- _EXTRACTED DATA_:
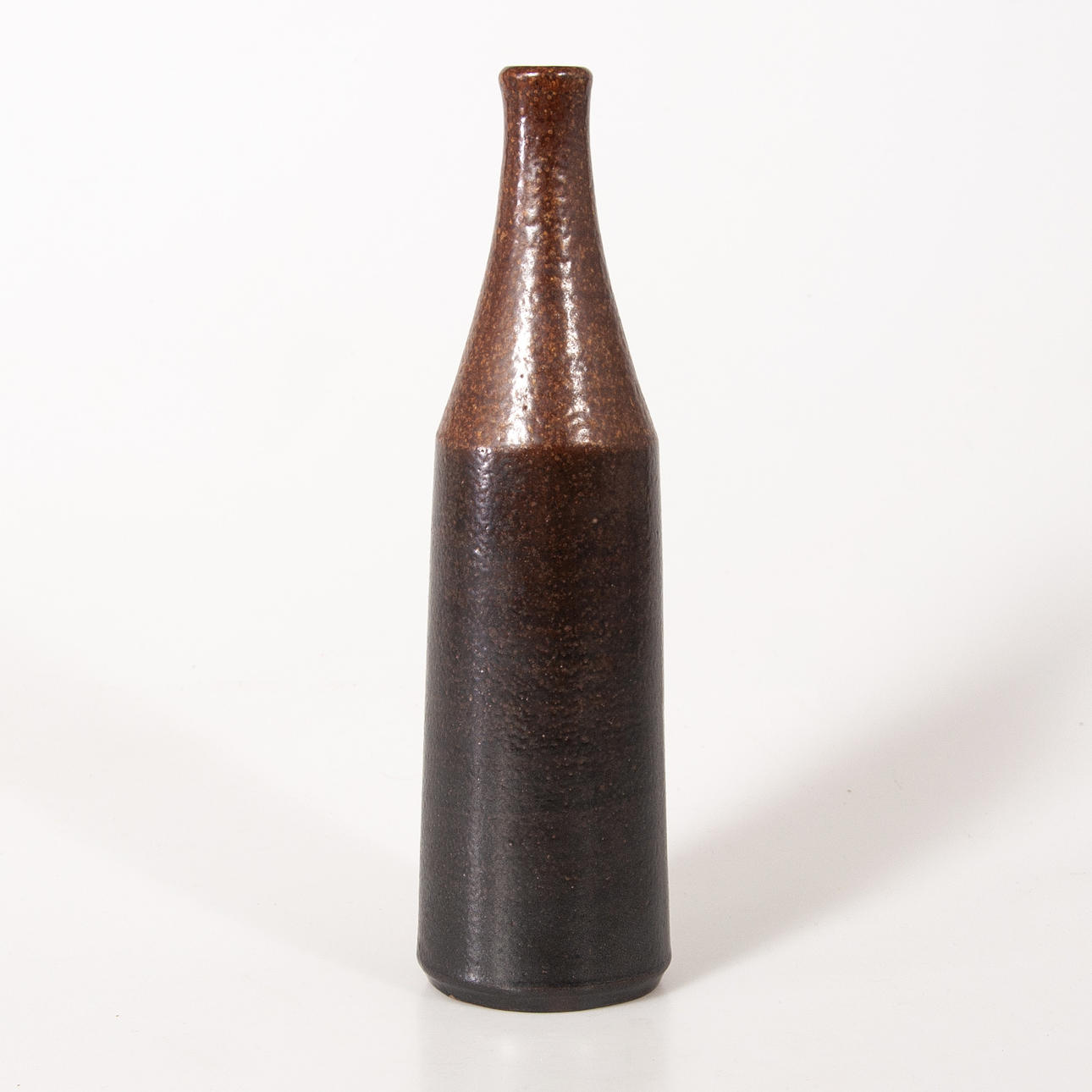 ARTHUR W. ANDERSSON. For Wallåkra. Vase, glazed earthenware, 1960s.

==

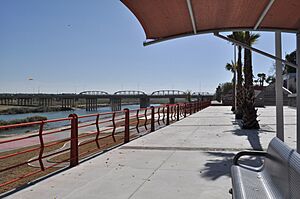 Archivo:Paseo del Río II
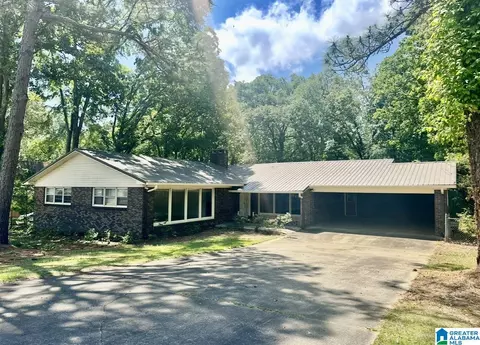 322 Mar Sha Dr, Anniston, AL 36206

- _YOUR INSTRUCTIONS_: Quote the data above exactly from the line with "Archivo:Paseo del Río II" to the line with "322 Mar Sha Dr, Anniston, AL 36206", both ends counted, and nothing else. Pictures don't go in.

- _REPLY_:
 Archivo:Paseo del Río II
 322 Mar Sha Dr, Anniston, AL 36206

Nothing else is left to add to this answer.